A Scottsdale Home Gets A Modern New Look


Ask any Canadian what he craves most during the winter months and the answer will most likely be sunlight. That was the case with the Calgary-based homeowners who overlooked the dated design of this Scottsdale vacation home to see the potential of a house that gets copious morning and evening sun. “The original design wasn’t really suited to their style,” designer Dana Lyon says. “It was a little too colorful, with really saturated hues of chartreuse, turquoise, orange and pink.”

Luckily, when the house went on the market, the forward-looking couple—he’s an engineer, and she’s an accomplished cook who likes to paint—recognized that it could be just what they wanted: a spa-like retreat to escape brisk Canada winters. “We wanted a house where we could entertain friends and family, and a home where we could relax,” the wife says. “I wanted it to feel very calm and beautiful.” So Lyon, along with project manager Michelle Young and builder Jeff Gatewood, was hired to transform the residence into a contemporary yet tranquil space.

The team started by converting several small rooms into large open spaces perfect for entertaining. They then installed limestone floors in the largest squares they could buy and chose Caesarstone for the countertops. “We were going for a modern space with a somewhat grounded organic feel,” Lyon says. “So we created a very light palette and selected simple materials.”

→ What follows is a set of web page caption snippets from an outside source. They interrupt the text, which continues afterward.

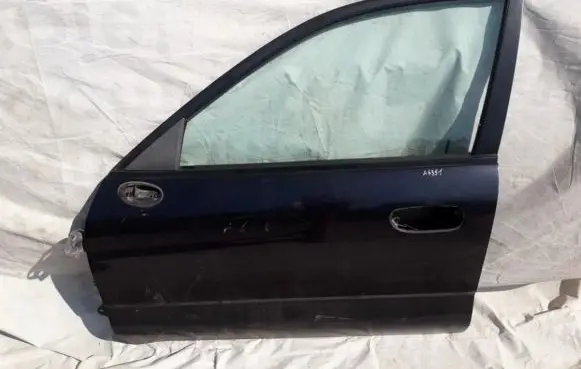 Mitsubishi Carisma Front door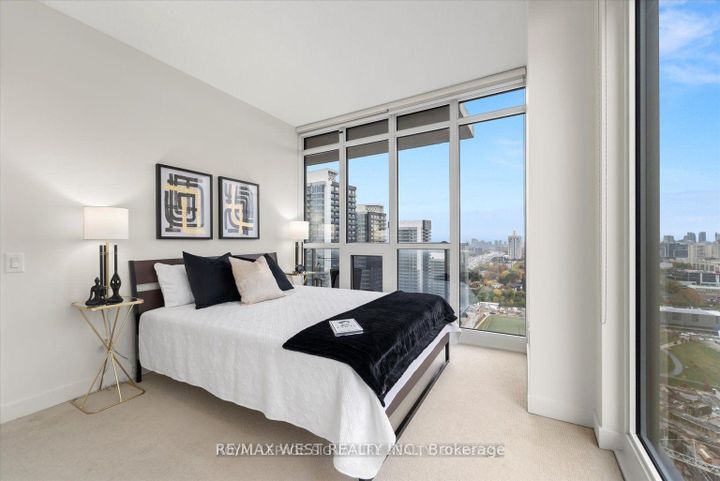 Photo 10 at 3517 - 121 McMahon Drive, Bayview Village, Toronto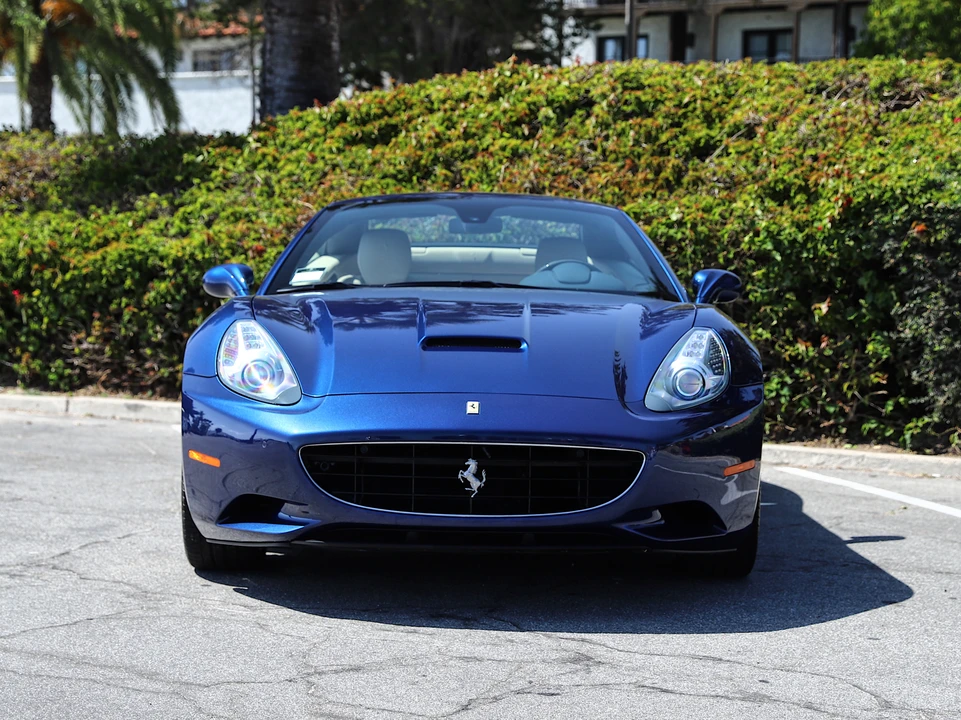 2010 Ferrari California - Image 30 of 31
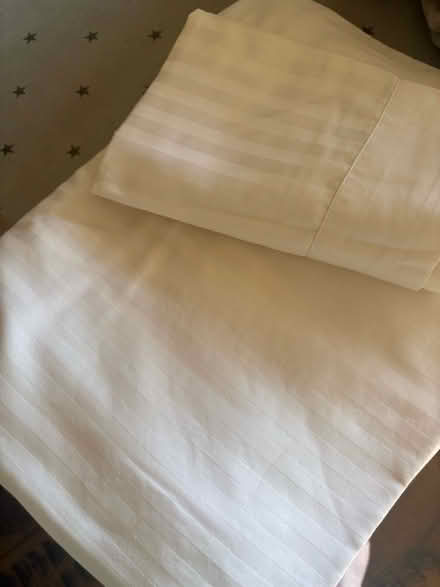 Photo of free Single duvet cover and matching pillow case. (Bradford on Avon BA15) #1
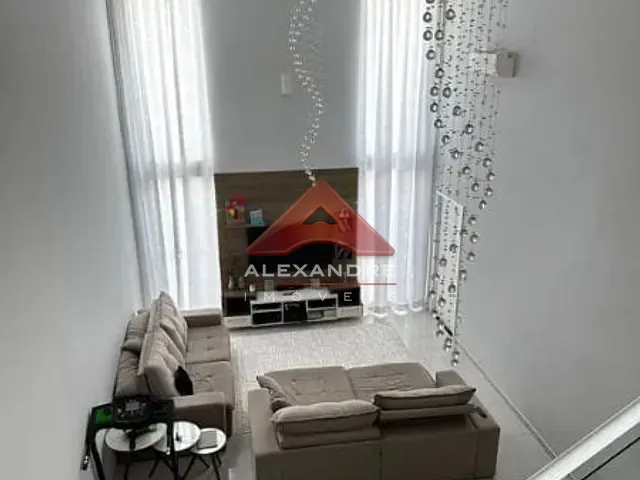 Casa com 250m² 3 quartos e 1 banheiro, à venda, no bairro Jardim Minas Gerais em São José dos Campos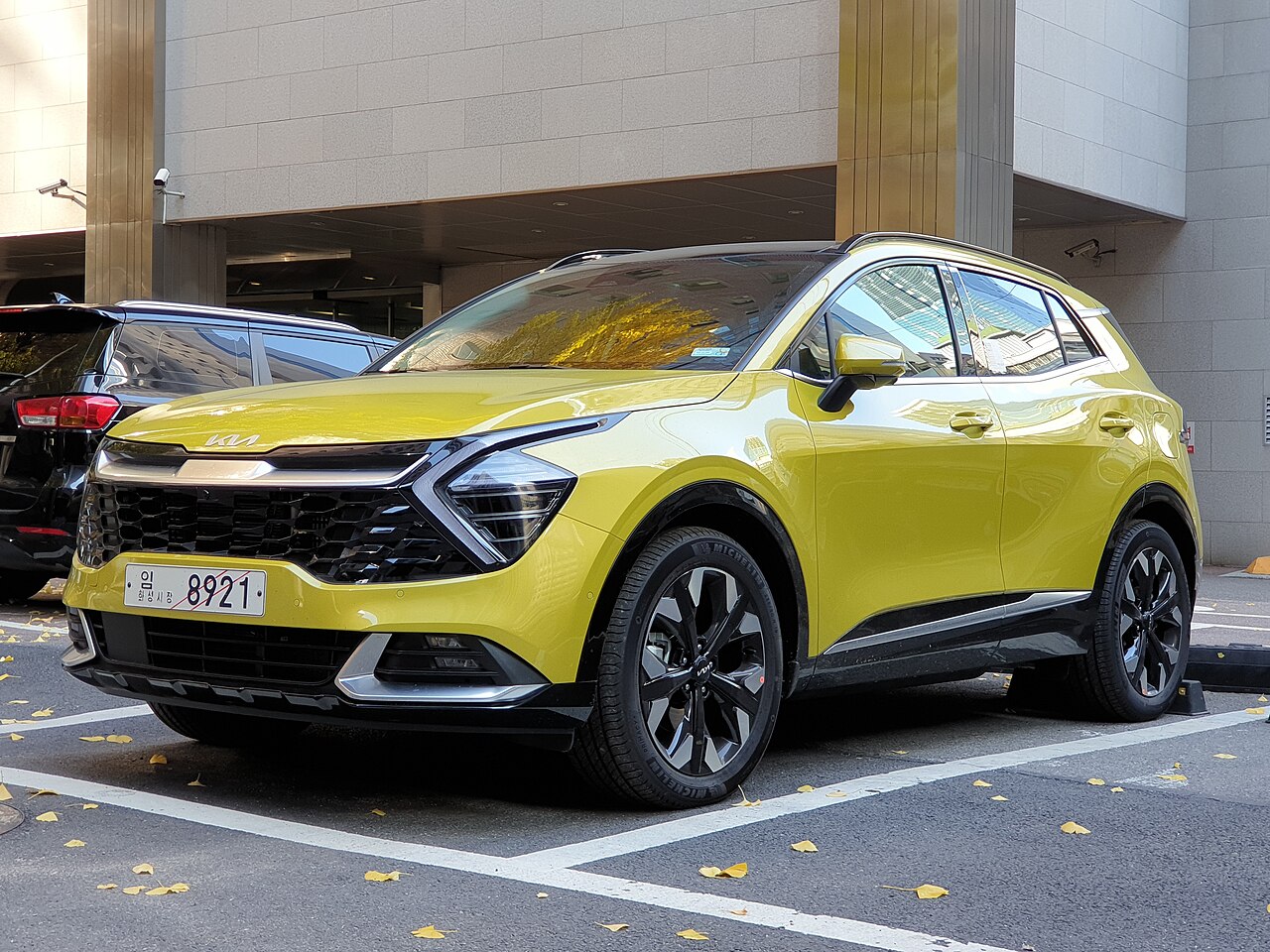 File:Kia Sportage Plug-in Hybrid NQ5e PHEV Splash Lemon Test Vehicle (2).jpg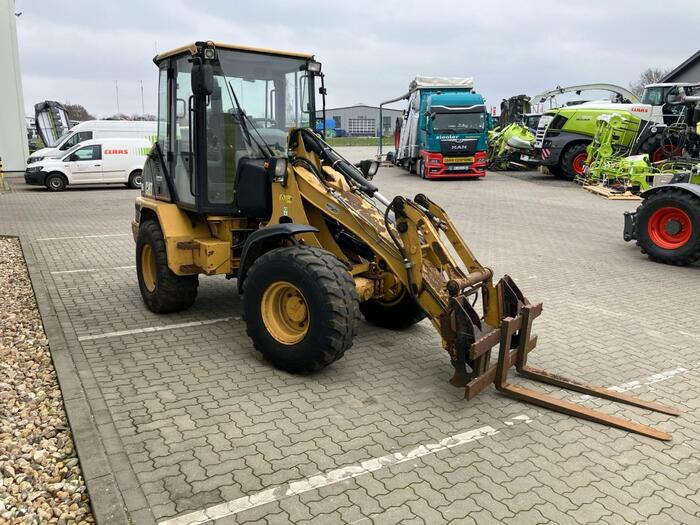 Caterpillar 906 - Wheel loader: picture 2 Caterpillar 906 - Wheel loader: picture 2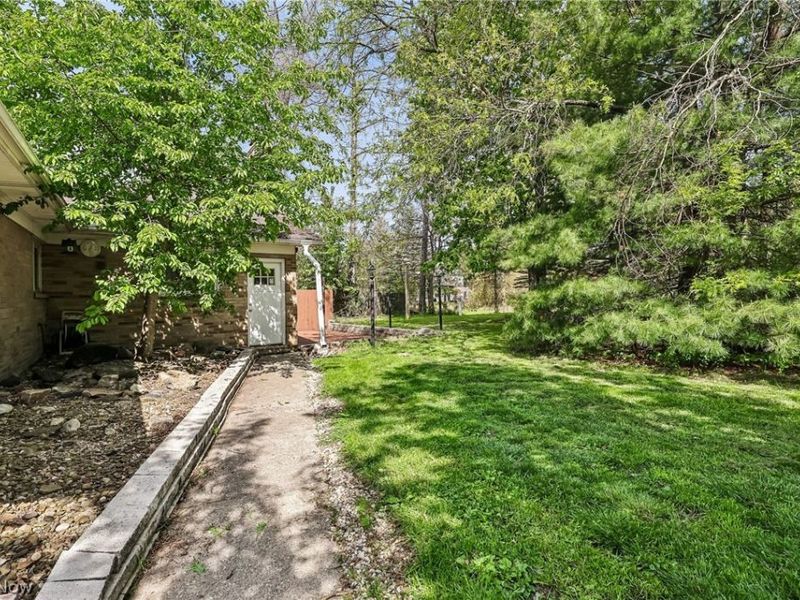13760 Albion Road , Strongsville, OH 44136 Photo 11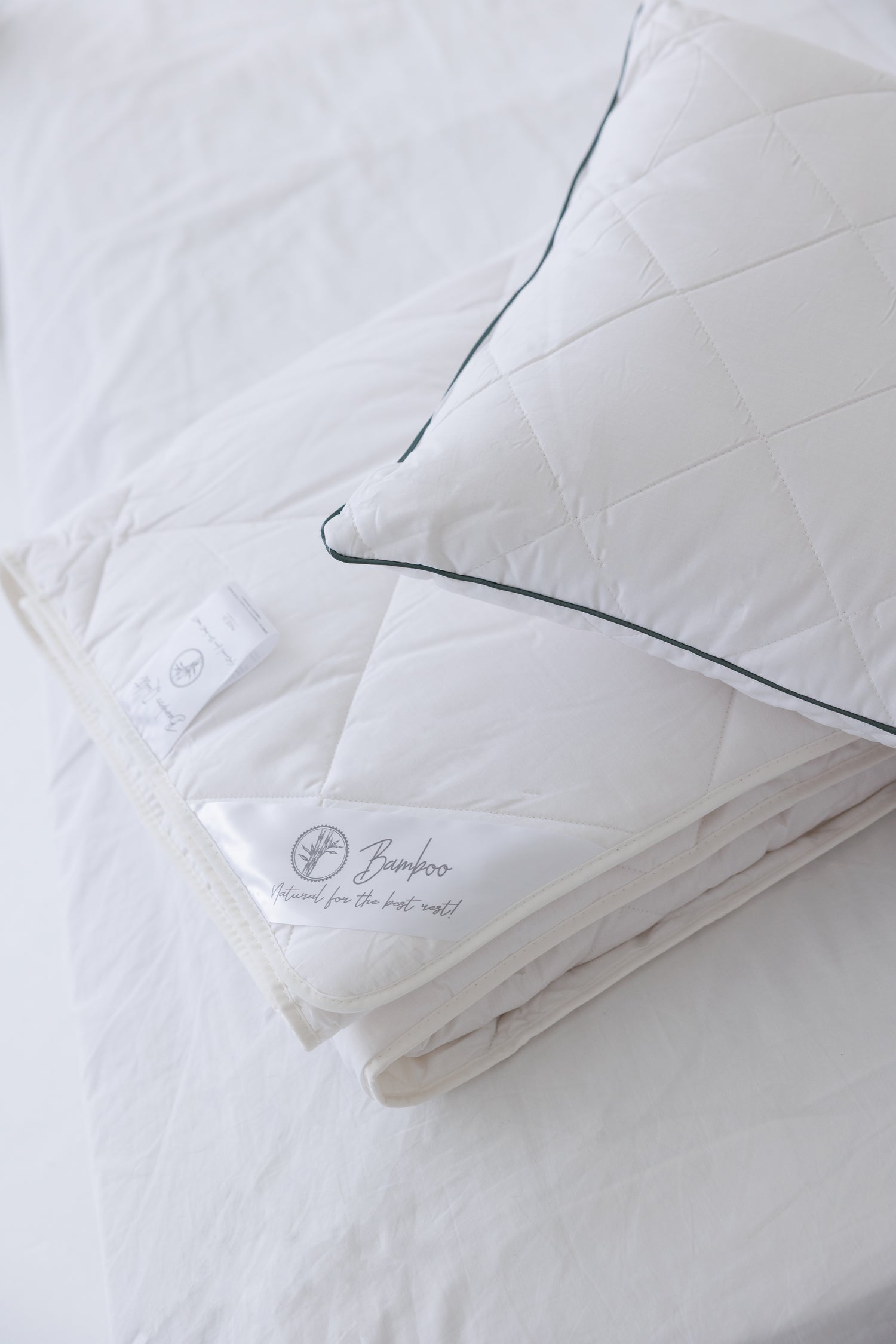 Eco Bedding Bamboo Pillow – A Gentle Embrace for Your Dreams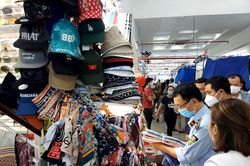 Thu giữ lượng lớn hàng giả tại TTTM Sài Gòn Square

The result is a sedate environment that showcases the homeowners’ personalities and passions. The kitchen, for instance, was outfitted with a commercial warming hood and a double gas oven for the wife to bake rustic yeast breads from scratch. Three built-in wine refrigerators allow her to burnish her expertise as an oenophile, as well. No stranger himself to the culinary arts, the husband is the home’s master barista; a state-of-the-art coffee machine lets him brew up espresso and coffee drinks for guests.

In addition to their love of good food and drink, the couple also share a talent in the arts. She is an accomplished painter, and many of the works featured in the home are hers. For his part, the husband is a master woodworker who built several pieces of furniture in the home and created two installations on either side of the fireplace in the living room. Fashioned from 500 pieces of wenge wood individually sculpted and hung on non-stretch fishing line, the pieces are “just astonishing to see,” Lyon says. “You could see his engineering mind at work to get them to match up just right on the strings.”

To make sure the homeowners’ artwork would pop, the pieces were installed into a monochromatic background against Opuzen’s glass-beaded wallpaper. The only thing that competes for attention is the incredible desert vista. “We wanted to make the desert the hero in the background,” Lyon says of her chosen palette—a soothing mix of furnishings cloaked in white, beige and wood tones. This sense of serenity translates from the main living spaces into the master bathroom, where large expanses of glass provide a natural panorama. “It creates a sense of calm and unity, which is something I really wanted to achieve,” the wife says.

Such calmness carried over into the renovation process, which was overseen remotely. All pertinent parties would meet by Skype once a week. If the homeowners wanted to see something, the design team would simply walk around with a laptop. “It was extremely painless and efficient,” the wife says. Her husband concurs. “Jeff is a very meticulous contractor, and both he and Dana are tremendously trustworthy. I can’t say enough good things about them.”

Thanks to these professionals’ work, the couple have achieved what the husband calls the “perfect Canadian house in the desert,” awash in light and at one with nature. “When all is said and done, we really like our house,” the wife concludes. “It sort of takes my breath away every time I walk in.”